Eval loss on a fixed holdout grows quadratically in the model's bias — it stays inside its noise band long after the loop has gone divergent. Distribution observables (training-batch PSI, prediction shift, parameter movement) grow linearly, and a trend test on increments fires before a level test on a lagging metric. The bundled simulation measures exactly this lead time against the rule it replaces (eval mean + 3σ, 2 consecutive):
$ lyapmon simulate --feedback-gain 0.65
...
lyapmon UNSTABLE at cycle 34
naive eval-loss alarm (mean+3σ, 2 consecutive) at cycle 42
lead time: 8 cycles
Mean lead over a 10-seed sweep is ~4 cycles with zero false alarms on
stable and near-critical loops (asserted in tests/test_sim.py).

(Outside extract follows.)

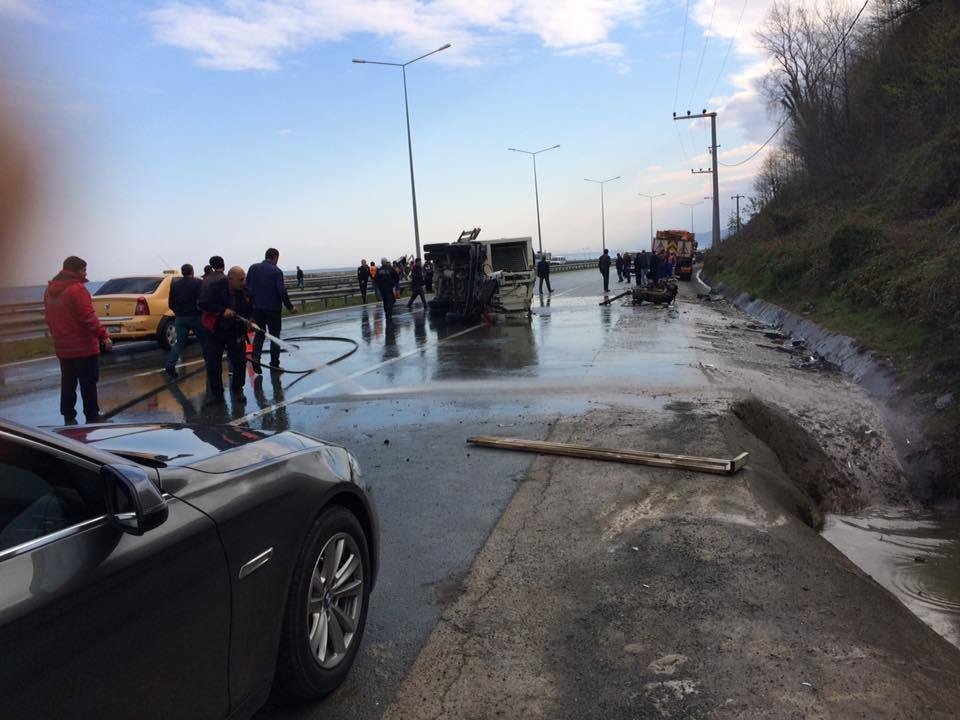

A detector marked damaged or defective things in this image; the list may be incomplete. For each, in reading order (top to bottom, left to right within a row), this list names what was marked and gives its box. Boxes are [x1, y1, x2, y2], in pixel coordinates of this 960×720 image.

overturned truck [426, 228, 536, 320]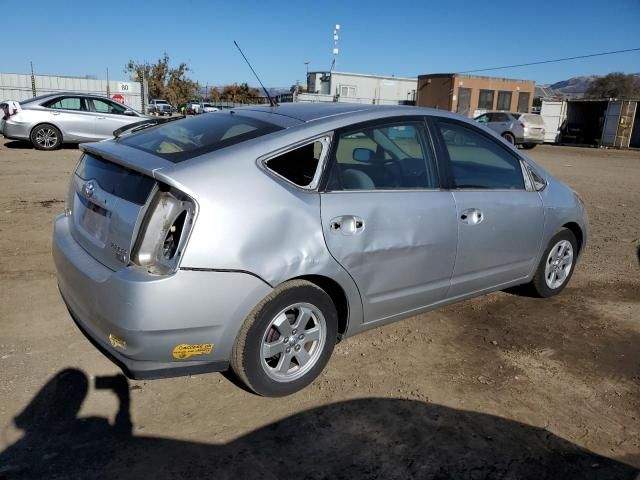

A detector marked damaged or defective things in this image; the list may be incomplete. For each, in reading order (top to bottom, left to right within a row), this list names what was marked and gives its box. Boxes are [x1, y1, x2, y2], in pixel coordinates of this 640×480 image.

With
delayed outcome labels — the usual production reality — the lead widens
(--label-delay 5 → 12 cycles), because the state vector is built from
label-free observables that stay current while the eval waits for labels.
Install
pip install lyapmon # core: numpy only
pip install 'lyapmon[mlflow]' # + MLflow logging/backfill
pip install 'lyapmon[prometheus]'# + Pushgateway export
pip install 'lyapmon[plot]' # + simulation plots
Quickstart
from lyapmon import LyapunovMonitor, JSONLStore, WebhookAlerter, psi, mean_shift
monitor = LyapunovMonitor(
features=["eval_auc", "psi_train", "pred_shift", "weight_delta"],
warmup=10, # cycles assumed healthy; fits V
store=JSONLStore("/shared/lyapmon/history.jsonl"),
alerters=[WebhookAlerter("https://hooks.slack.com/services/...")],
)
verdict = monitor.observe(
{
"eval_auc": auc,
"psi_train": psi(reference_features, batch_features),
"pred_shift": mean_shift(reference_preds, current_preds),
"weight_delta": weight_delta_norm(prev_weights, new_weights),
},
cycle_id=run_id,
)
if verdict.unstable:
block_deploy() # verdict.top_contributors says which observable moved
The monitor is stateless across processes — everything (baseline, detector
state, previous V) checkpoints into the store, so a fresh instance per DAG
run behaves identically to a long-lived one (this is tested).
Airflow gate
from lyapmon.integrations.airflow import lyapunov_gate_callable
from airflow.operators.python import PythonOperator
gate = PythonOperator(
task_id="lyapunov_gate",
python_callable=lyapunov_gate_callable,
op_kwargs=dict(
features=["eval_auc", "psi_train", "pred_shift", "weight_delta"],
history_path="/shared/lyapmon/history.jsonl",
xcom_task_id="evaluate", # evaluate task pushes the metrics dict
),
)
ingest >> train >> evaluate >> gate >> deploy
On sustained positive drift the gate raises LoopUnstableError: the deploy
never runs, the DAG run is red, your existing on-call alerting takes it from
there. After remediation, monitor.rebaseline() (or delete the checkpoint)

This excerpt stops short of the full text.